Exercise aim: Say nothing but the number of lines below in which the string "Card" appears.

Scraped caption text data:
---------------
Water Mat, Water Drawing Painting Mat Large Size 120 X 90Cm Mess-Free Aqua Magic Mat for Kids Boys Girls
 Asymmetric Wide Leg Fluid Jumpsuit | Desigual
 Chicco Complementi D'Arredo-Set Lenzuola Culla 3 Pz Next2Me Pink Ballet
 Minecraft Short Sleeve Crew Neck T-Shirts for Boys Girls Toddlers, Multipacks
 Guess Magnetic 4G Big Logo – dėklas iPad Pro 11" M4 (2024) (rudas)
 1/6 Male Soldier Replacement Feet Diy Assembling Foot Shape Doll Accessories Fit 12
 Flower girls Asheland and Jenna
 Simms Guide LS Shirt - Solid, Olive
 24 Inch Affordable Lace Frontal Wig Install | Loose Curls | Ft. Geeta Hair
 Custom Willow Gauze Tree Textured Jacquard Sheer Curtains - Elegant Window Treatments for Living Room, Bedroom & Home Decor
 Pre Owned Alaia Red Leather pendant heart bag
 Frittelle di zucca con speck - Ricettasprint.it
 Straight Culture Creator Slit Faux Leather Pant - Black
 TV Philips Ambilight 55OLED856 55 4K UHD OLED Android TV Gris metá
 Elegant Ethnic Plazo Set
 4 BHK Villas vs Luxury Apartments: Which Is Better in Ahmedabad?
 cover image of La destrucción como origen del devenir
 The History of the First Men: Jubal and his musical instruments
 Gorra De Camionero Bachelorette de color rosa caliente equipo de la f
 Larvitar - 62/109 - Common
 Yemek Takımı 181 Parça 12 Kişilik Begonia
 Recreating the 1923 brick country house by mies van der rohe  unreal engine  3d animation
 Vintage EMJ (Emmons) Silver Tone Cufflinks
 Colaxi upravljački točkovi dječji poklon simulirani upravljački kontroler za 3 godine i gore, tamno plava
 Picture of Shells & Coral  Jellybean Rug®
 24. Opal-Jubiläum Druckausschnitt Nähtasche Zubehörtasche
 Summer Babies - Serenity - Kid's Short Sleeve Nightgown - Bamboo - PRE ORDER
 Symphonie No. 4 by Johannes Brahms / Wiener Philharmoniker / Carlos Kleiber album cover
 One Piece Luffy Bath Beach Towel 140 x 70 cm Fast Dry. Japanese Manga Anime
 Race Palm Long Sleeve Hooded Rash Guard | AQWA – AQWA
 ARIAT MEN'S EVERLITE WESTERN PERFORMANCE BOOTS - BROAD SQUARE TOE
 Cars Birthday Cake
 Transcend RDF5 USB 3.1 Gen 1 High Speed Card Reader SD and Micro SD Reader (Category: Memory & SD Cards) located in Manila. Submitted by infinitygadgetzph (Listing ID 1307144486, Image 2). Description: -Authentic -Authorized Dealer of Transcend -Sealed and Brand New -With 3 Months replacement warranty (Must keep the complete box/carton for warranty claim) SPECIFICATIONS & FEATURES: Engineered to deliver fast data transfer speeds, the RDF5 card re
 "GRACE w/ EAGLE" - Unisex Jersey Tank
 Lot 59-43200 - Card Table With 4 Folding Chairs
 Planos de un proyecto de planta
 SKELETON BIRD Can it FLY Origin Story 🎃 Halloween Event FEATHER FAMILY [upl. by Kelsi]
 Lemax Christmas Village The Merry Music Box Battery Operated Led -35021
---------------
Task result: 2